What the task asks: Print exactly the lines below between the line holding "A bunch of pink" and the line holding "Frau berührt einen", inclusive, and nothing more.

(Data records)
• • • • • • •

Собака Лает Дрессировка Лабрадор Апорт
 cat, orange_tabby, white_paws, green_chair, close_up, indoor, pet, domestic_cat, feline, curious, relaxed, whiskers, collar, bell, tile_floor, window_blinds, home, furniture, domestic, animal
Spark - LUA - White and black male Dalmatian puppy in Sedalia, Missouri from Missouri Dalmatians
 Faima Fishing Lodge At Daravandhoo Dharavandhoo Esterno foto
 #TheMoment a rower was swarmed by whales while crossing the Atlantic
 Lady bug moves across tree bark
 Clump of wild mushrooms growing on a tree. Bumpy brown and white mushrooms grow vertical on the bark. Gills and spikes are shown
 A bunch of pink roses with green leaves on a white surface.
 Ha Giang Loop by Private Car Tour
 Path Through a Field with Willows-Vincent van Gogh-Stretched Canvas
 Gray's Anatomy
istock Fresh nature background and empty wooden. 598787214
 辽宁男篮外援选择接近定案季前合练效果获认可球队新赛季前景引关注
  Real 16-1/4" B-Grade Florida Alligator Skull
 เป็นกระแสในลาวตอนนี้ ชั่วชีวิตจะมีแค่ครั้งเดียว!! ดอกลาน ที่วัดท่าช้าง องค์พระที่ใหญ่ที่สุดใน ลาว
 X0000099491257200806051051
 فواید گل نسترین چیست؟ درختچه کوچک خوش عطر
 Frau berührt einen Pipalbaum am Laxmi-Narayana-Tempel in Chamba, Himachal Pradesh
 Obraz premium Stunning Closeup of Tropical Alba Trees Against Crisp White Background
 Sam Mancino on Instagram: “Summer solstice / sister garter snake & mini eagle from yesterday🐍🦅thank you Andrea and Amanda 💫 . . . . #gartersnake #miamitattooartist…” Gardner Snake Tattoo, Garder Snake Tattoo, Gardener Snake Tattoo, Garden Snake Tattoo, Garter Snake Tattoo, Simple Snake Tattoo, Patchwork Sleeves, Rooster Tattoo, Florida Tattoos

• • • • • • •

Result of the task:
 A bunch of pink roses with green leaves on a white surface.
 Ha Giang Loop by Private Car Tour
 Path Through a Field with Willows-Vincent van Gogh-Stretched Canvas
 Gray's Anatomy
istock Fresh nature background and empty wooden. 598787214
 辽宁男篮外援选择接近定案季前合练效果获认可球队新赛季前景引关注
  Real 16-1/4" B-Grade Florida Alligator Skull
 เป็นกระแสในลาวตอนนี้ ชั่วชีวิตจะมีแค่ครั้งเดียว!! ดอกลาน ที่วัดท่าช้าง องค์พระที่ใหญ่ที่สุดใน ลาว
 X0000099491257200806051051
 فواید گل نسترین چیست؟ درختچه کوچک خوش عطر
 Frau berührt einen Pipalbaum am Laxmi-Narayana-Tempel in Chamba, Himachal Pradesh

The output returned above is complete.